### [WORK TO COMPLETE]
An exact transcript is required of the lines below, from the one containing "Pinocchio Storybook Replica Journal" through the very last; leave every picture out of it.

### [STORED DATA]
+++

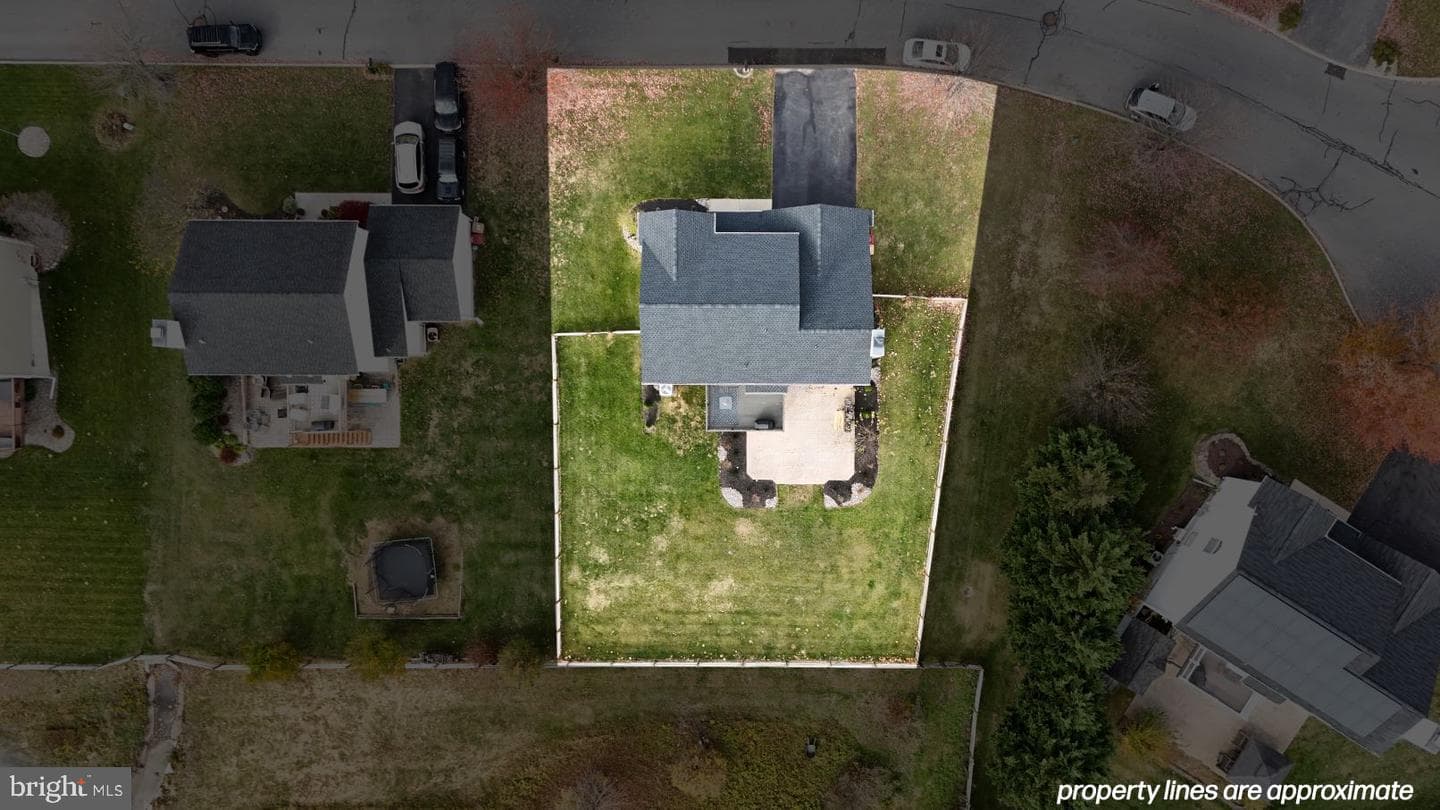 4128 Foxwood Circle photo 49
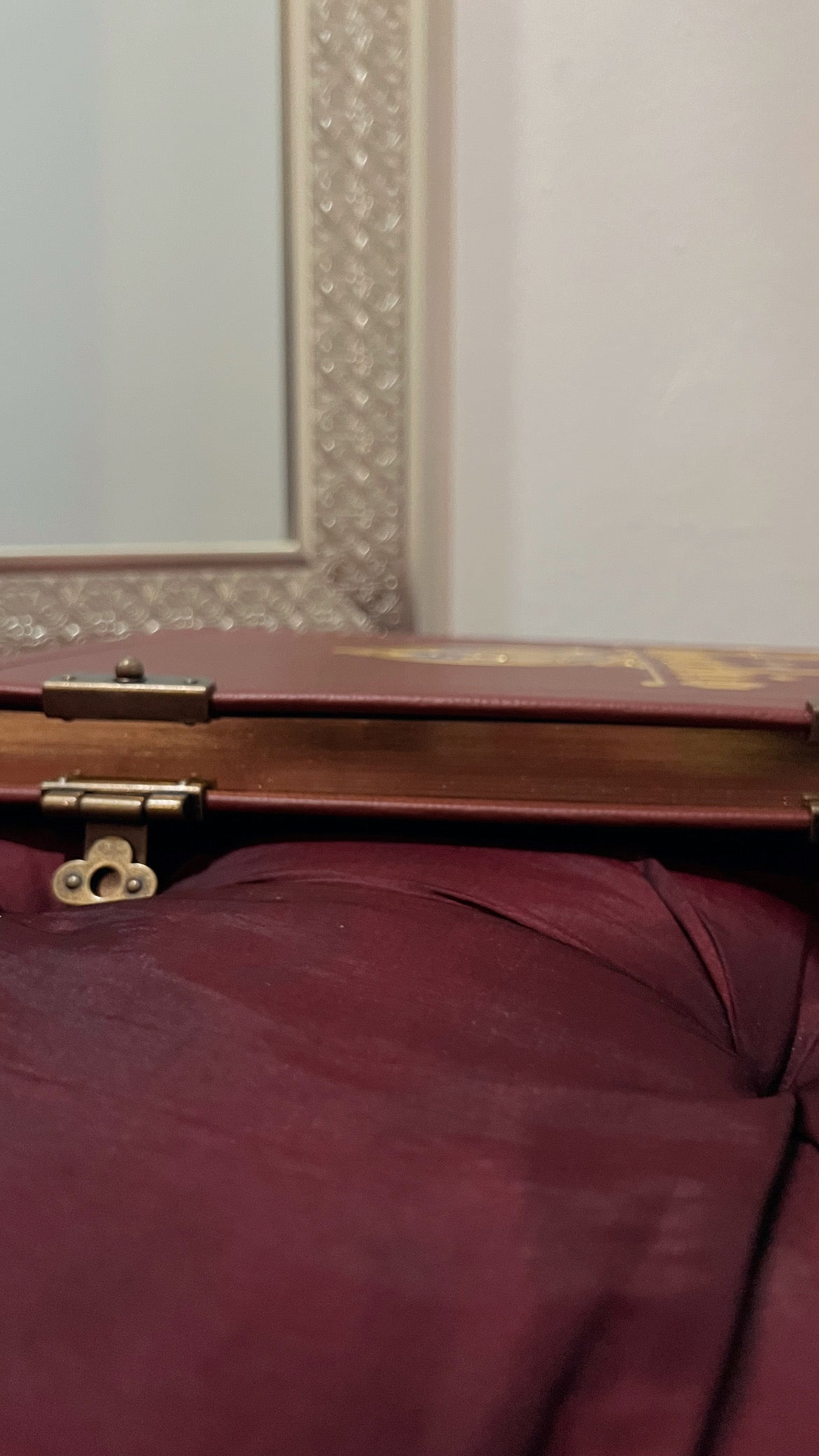 Pinocchio Storybook Replica Journal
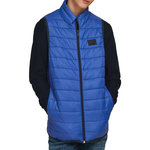 Jack & Jones Doudoune sans manches  Garçon Jack & Jones Wing. Coloris disponibles : Bleu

+++

### [SOLUTION FOR THIS TASK]
 Pinocchio Storybook Replica Journal
 Jack & Jones Doudoune sans manches  Garçon Jack & Jones Wing. Coloris disponibles : Bleu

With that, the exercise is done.